Joshua Starr, the Washington-based pollster who conducted the GoLocalProv survey, cautions that relatively small sample sizes — 300 First Congressional District voters for the WPRI poll in May and 206 for his own in September — mean we can only identify "directional" shifts in opinion.
But if the numbers are a little crude — the margins of error for the polls are 5.7 percent and 6.8 percent, respectively — they tell a compelling story. A couple of them, actually.
The first is a bit mixed. Independent voters, a key swing group, didn't budge much in their personal distaste for Cicilline between May and September; his favorability ratings remained low.
But in head-to-head matchups with Republicans, the incumbent made significant gains. In May, 13 percent of independents favored him and 59 percent backed GOP frontrunner Brendan Doherty, the former superintendent of state police, in a head-to-head matchup. Four months later, Cicilline had 31 percent to Doherty's 45 percent.
In just four months, the Republican's advantage shrunk from 46 to 14 percent.
Doherty, who kept a low profile — and, indeed, remains a relative unknown for voters — did nothing to scare away independents during this period. Starr's thesis: House Republicans, who alienated centrists with their intransigence on the debt ceiling and broader budget fight, gave Cicilline a sizable bump.

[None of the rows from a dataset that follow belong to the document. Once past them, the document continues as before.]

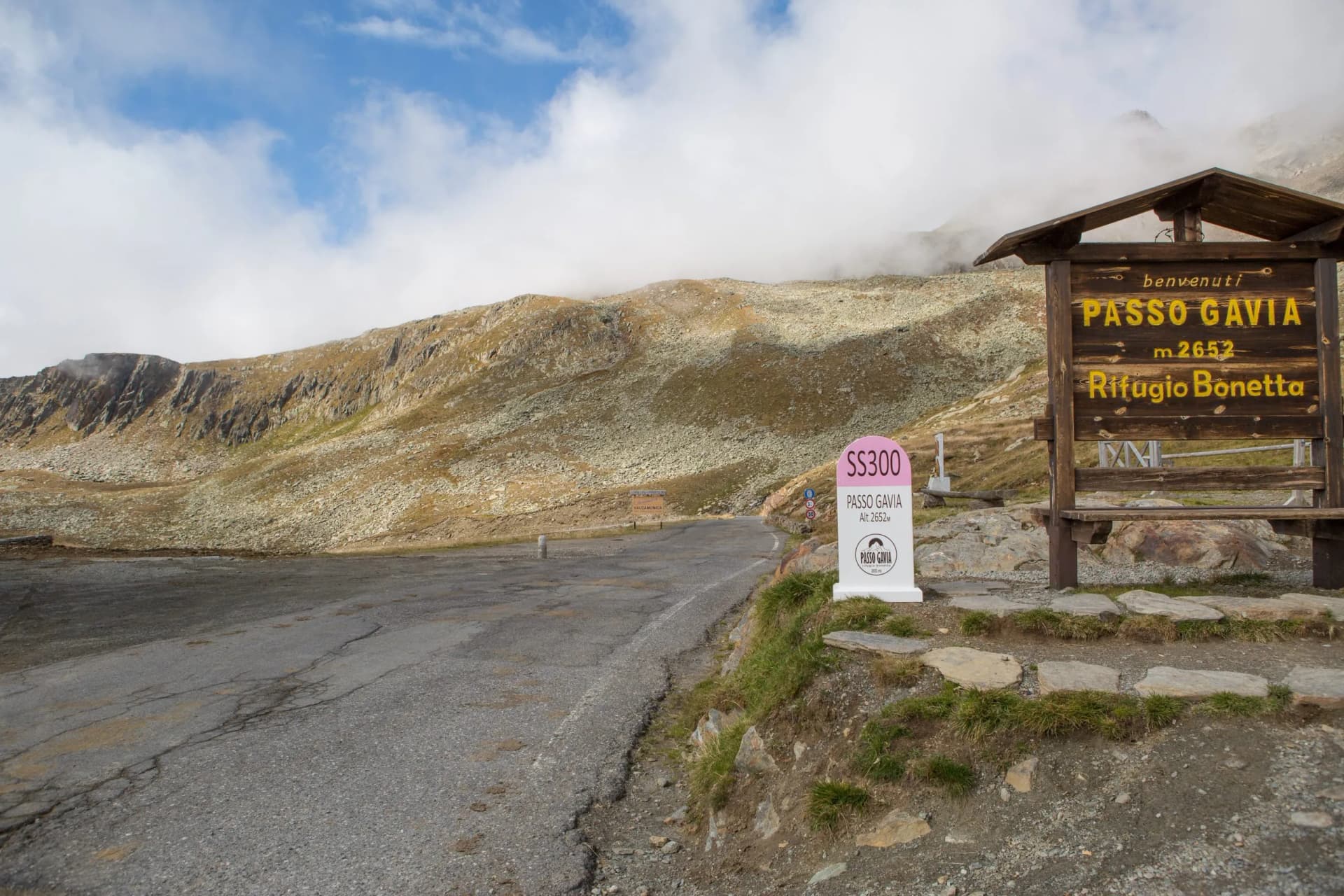 Passo Gavia m. 2652 sign next to cracked mountain road with rocky slopes and clouds.
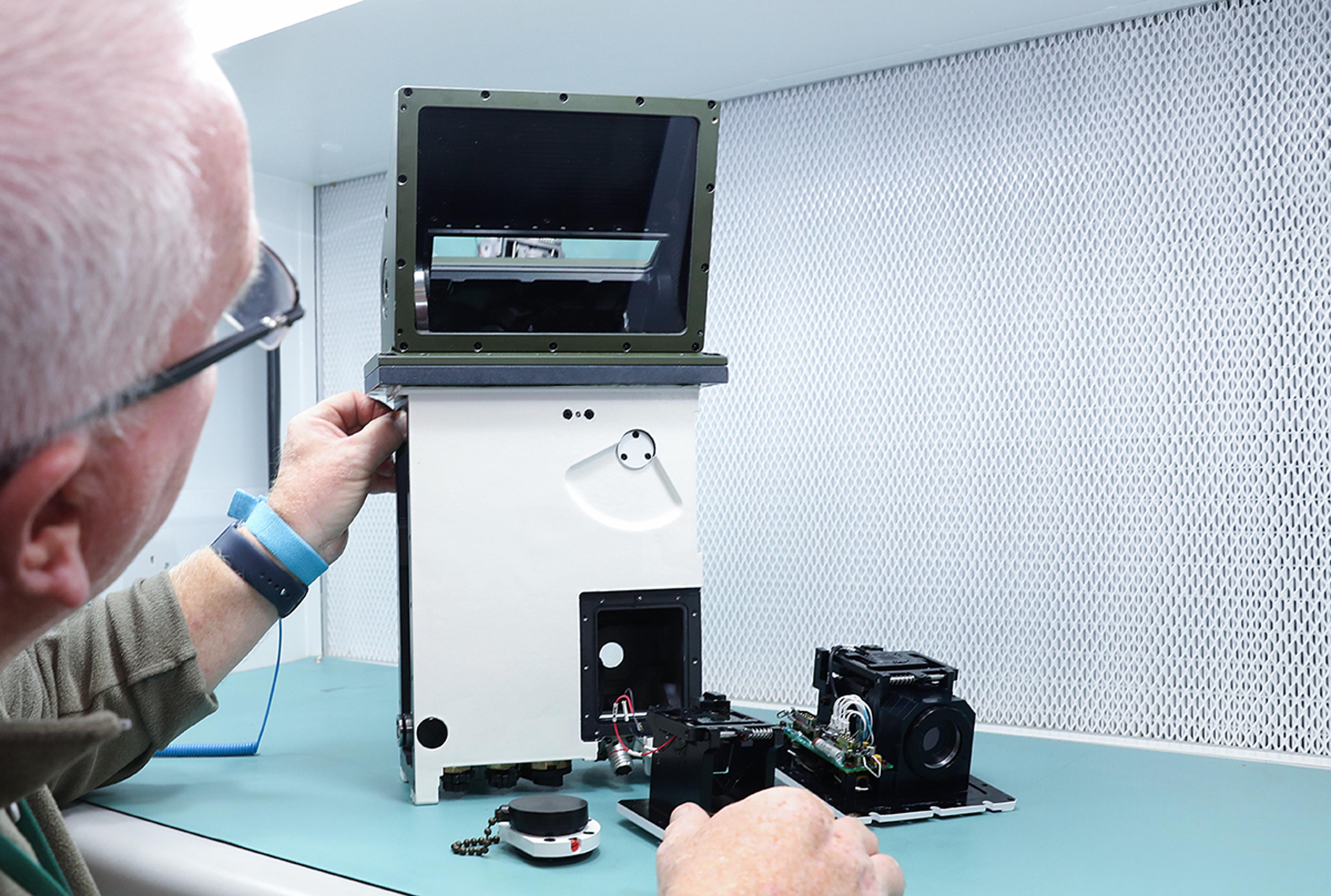 G&H technician inspecting and assembling an optical vision system during quality control at the St Asaph Optical Systems Innovation Hub.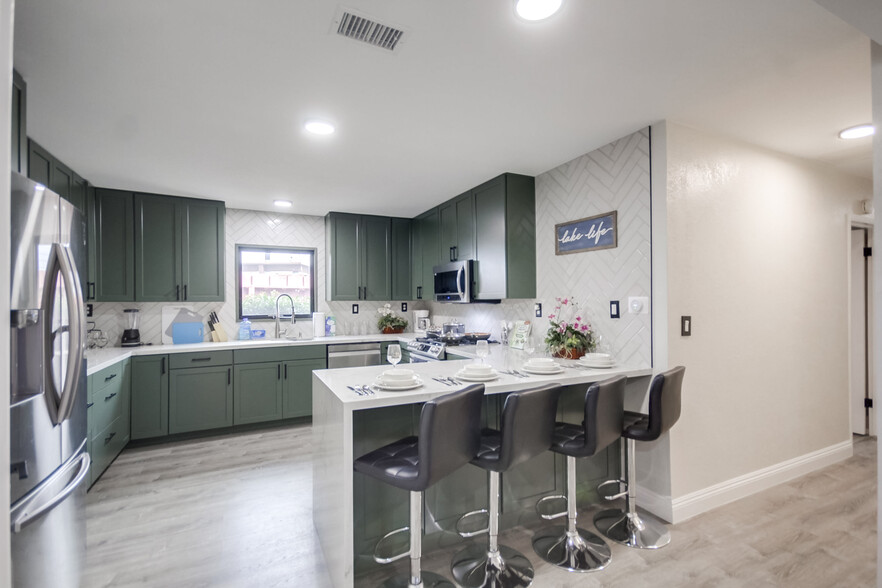 Where meals and memories are made! Our kitchen island is perfect for gatherings. - 5551 Churchward St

The GOP's stubbornness may also help to explain the other major trend in the polling numbers: Democrats coming home. In May, just 9 percent of Democrats viewed Cicilline "very positively." By September, the figure had tripled. And his lead over Doherty, among Democrats, went from 35 to 53 points.
Democrats, their partisan passions stirred, seem likely to stick with Cicilline should he make it through the party's primary. The bigger question for the incumbent is whether the national GOP will tone down its message — giving independents, who don't much like Cicilline, an excuse to bolt.
Given the Tea Party's success in pushing the Repub-lican Party to the right thus far, that doesn't seem a terribly strong possibility.
MADE IN AMERICA
If events in Providence and Washington have lifted the Congressman, he's also helped his own cause.
Cicilline positioned himself well, during the campaign, with calls for a "Made in America" block grant that would help companies retool old factories and retrain workers to "compete in the new economy."
"Made in China, made in Vietnam," he said, in his marquee campaign ad, "whatever happened to made in America?"
The message was well-tuned to recession-weary Rhode Island — particularly the conservative Blackstone Valley region, site of the state's past industrial glories.
But it has also fit snugly with a wide-ranging "Make it in America" agenda championed by Minority Whip Steny Hoyer of Maryland, the second-ranking Democrat in the House.
Indeed, Cicilline found himself showing Hoyer the "Made in America" ad on his iPad not long ago to demonstrate he'd come up with the meme before he arrived in Washington.